Shared Memory Management#

cuBLASDx’s GEMM requires input matrices to be in shared memory with an option for C matrix to be partitioned between threads’ registers. The use of shared memory imposes certain rules (alignment) and limitations (limited shared memory space). cuBLASDx provides shared memory management tools to make it easier for all users to operate on it correctly.

Warning

Starting with cuBLASDx 0.3.0 the ::shared_memory_size traits and ::shared_memory_size() methods no longer exist and have been replaced with new APIs described in this chapter.

Shared Storage Size Utilities#

CUDA requires the user to specify amount of used dynamic shared memory upfront during kernel launch. For executing a GEMM such size will be dependent on:

Problem size (Size<M, N, K>).
Chosen input type (since cuBLASDx 0.3.0 input precision can be different than compute precision, see Precision Operator).
Chosen alignments of matrices (Alignment<A, B, C>).
API which will be used to execute GEMM (register or shared memory).

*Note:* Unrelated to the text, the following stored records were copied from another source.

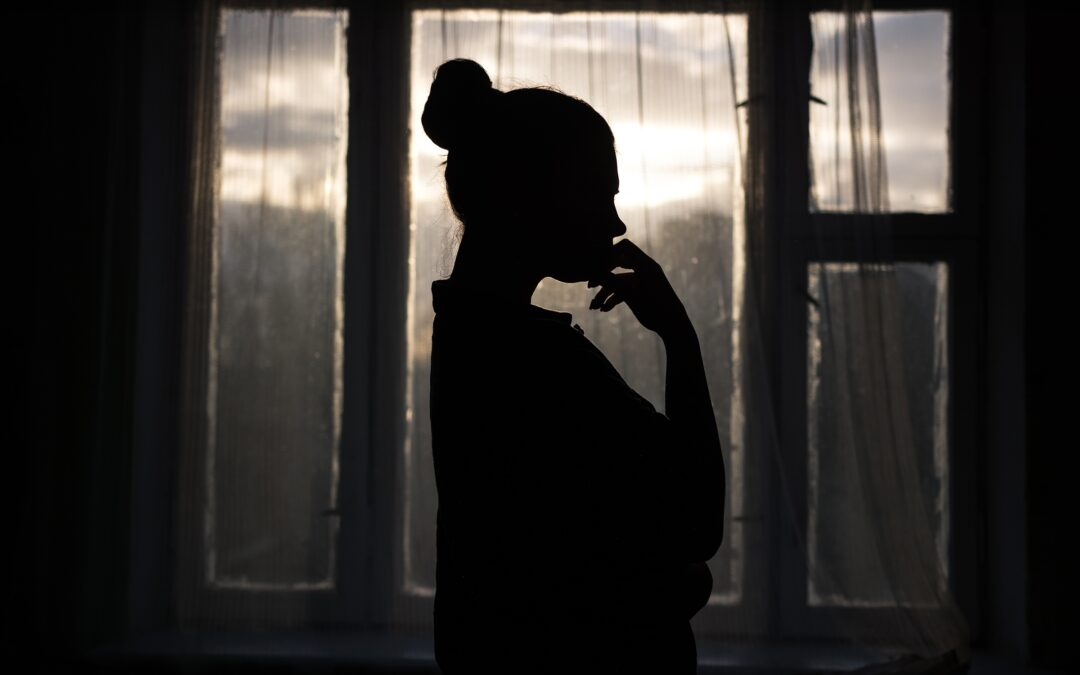 Moral injury and the COVID-19 pandemic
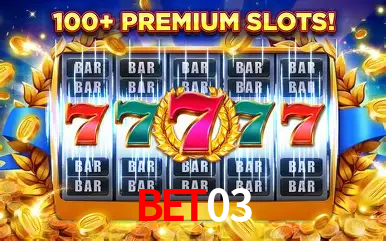 Apostas Esportivas na bet03: Um Guia Completo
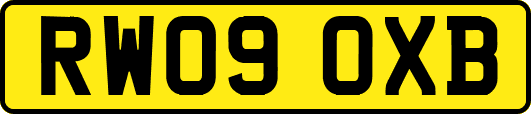RW09OXB
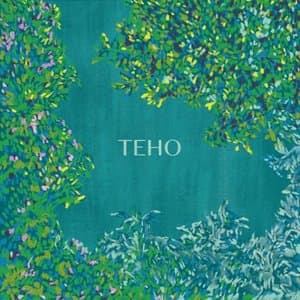 Teho1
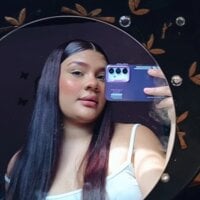 esmeralda_smith__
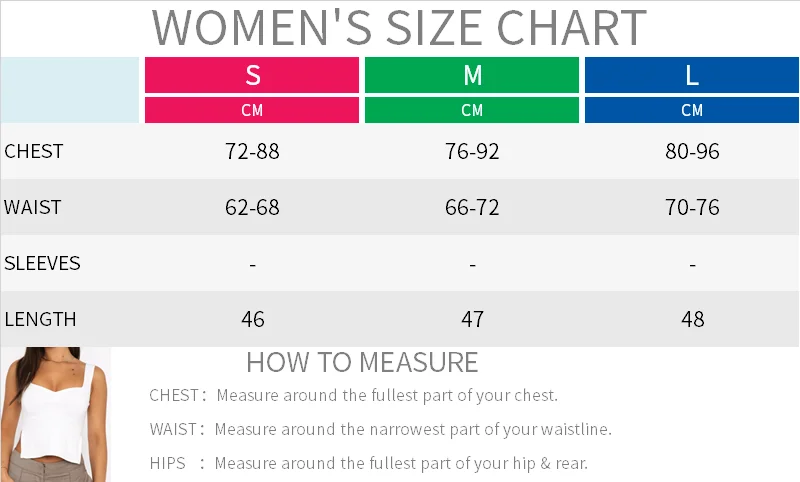 Square Collar Tank Women Slim Split Crop Tops Chic Backless Sleeveless Casual Camis Summer 2025 Y2K Double Layer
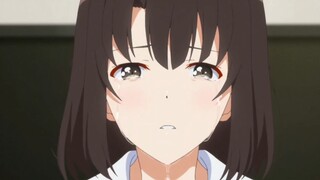 [AMV] Cảm Ơn Vì Tất Cả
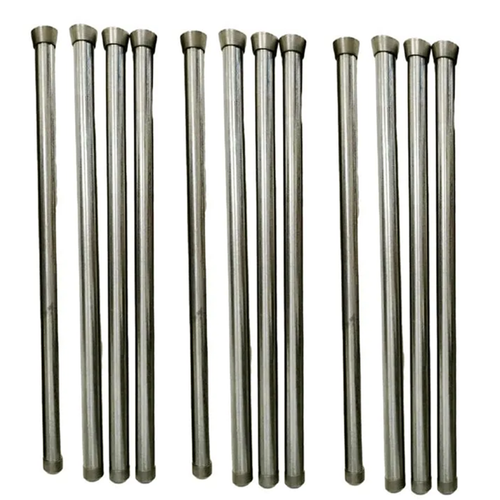 12_7eec20ed-f900-453c-b123-2396a26c2e58 - Northline Parts
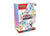 Pokémon Scarlet & Violet - Prismatic Evolutions - Booster Bundle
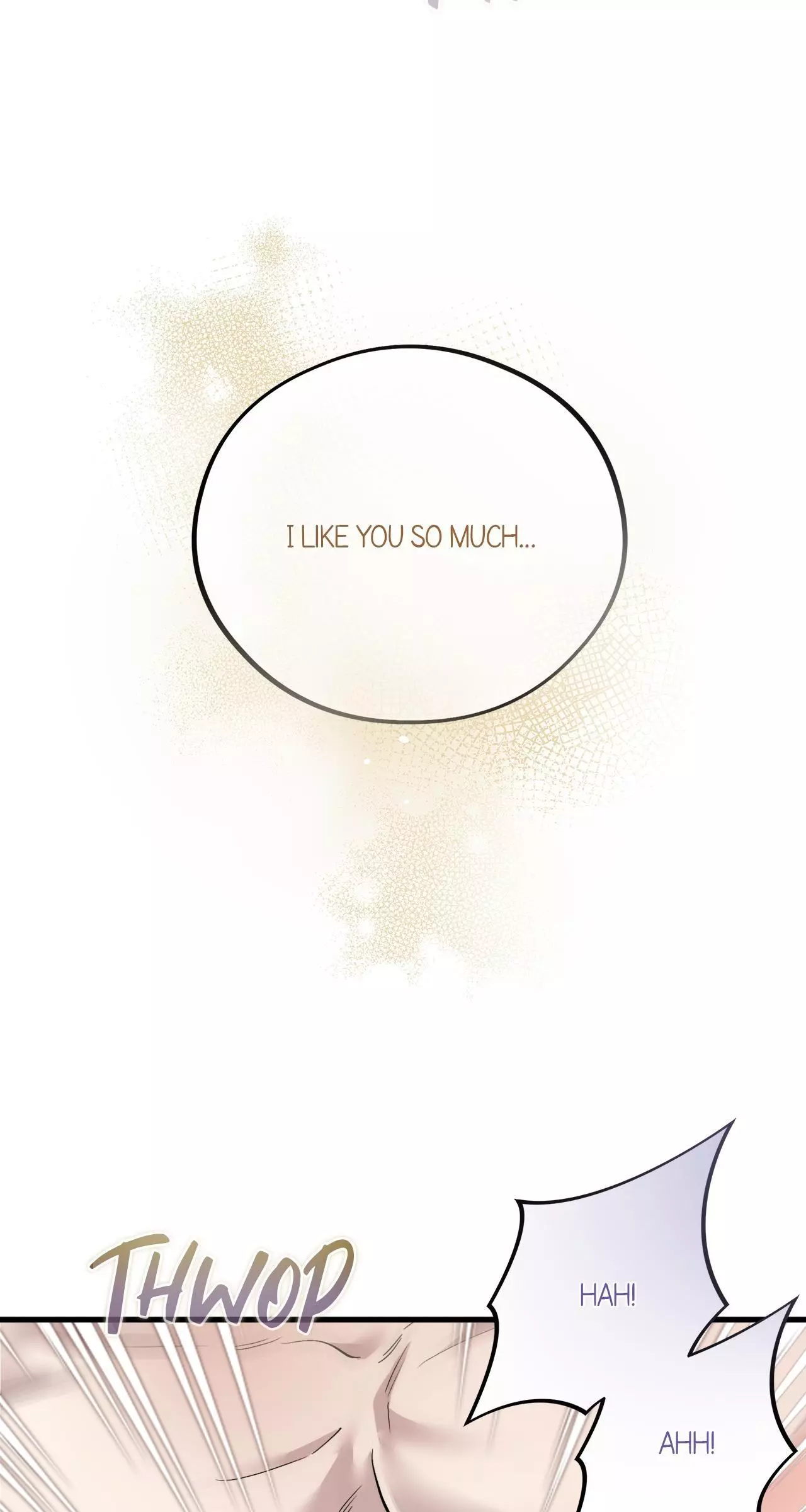 Manga page 74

Since this information is neither contained in the BLAS type (since input precision is decoupled from compute precision) nor in the tensors (they are missing alignment information), helper utilities have been created to help with streamlining the process:

// Shared memory API
template<class BLAS, class AValueType = typename BLAS::a_value_type,
                     class BValueType = typename BLAS::b_value_type,
                     class CValueType = typename BLAS::c_value_type,
                     class ALayout, class BLayout, class CLayout>
__host__ __device__ __forceinline__ constexpr unsigned
get_shared_storage_size(ALayout const& a_layout,
                        BLayout const& b_layout,
                        CLayout const& c_layout);

template<class BLAS, class AValueType = typename BLAS::a_value_type,
                     class BValueType = typename BLAS::b_value_type,
                     class CValueType = typename BLAS::c_value_type>
__host__ __device__ __forceinline__ constexpr unsigned
get_shared_storage_size(unsigned lda = leading_dimension_of<BLAS>::a,
                        unsigned ldb = leading_dimension_of<BLAS>::b,
                        unsigned ldc = leading_dimension_of<BLAS>::c);

// Register API
template<class BLAS, class AValueType = typename BLAS::a_value_type,
                     class BValueType = typename BLAS::b_value_type,
                     class ALayout, class BLayout>
__host__ __device__ __forceinline__ constexpr unsigned
get_shared_storage_size_ab(ALayout const& a_layout,
                           BLayout const& b_layout);

template<class BLAS, class AValueType = typename BLAS::a_value_type,
                     class BValueType = typename BLAS::b_value_type>
__host__ __device__ __forceinline__ constexpr unsigned
get_shared_storage_size_ab(unsigned lda = leading_dimension_of<BLAS>::a,
                           unsigned ldb = leading_dimension_of<BLAS>::b);

Resulting value is size of the shared memory in bytes required to allocate input and output matrices, and perform computations.

The value is determined by size of value types, matrix sizes and alignments.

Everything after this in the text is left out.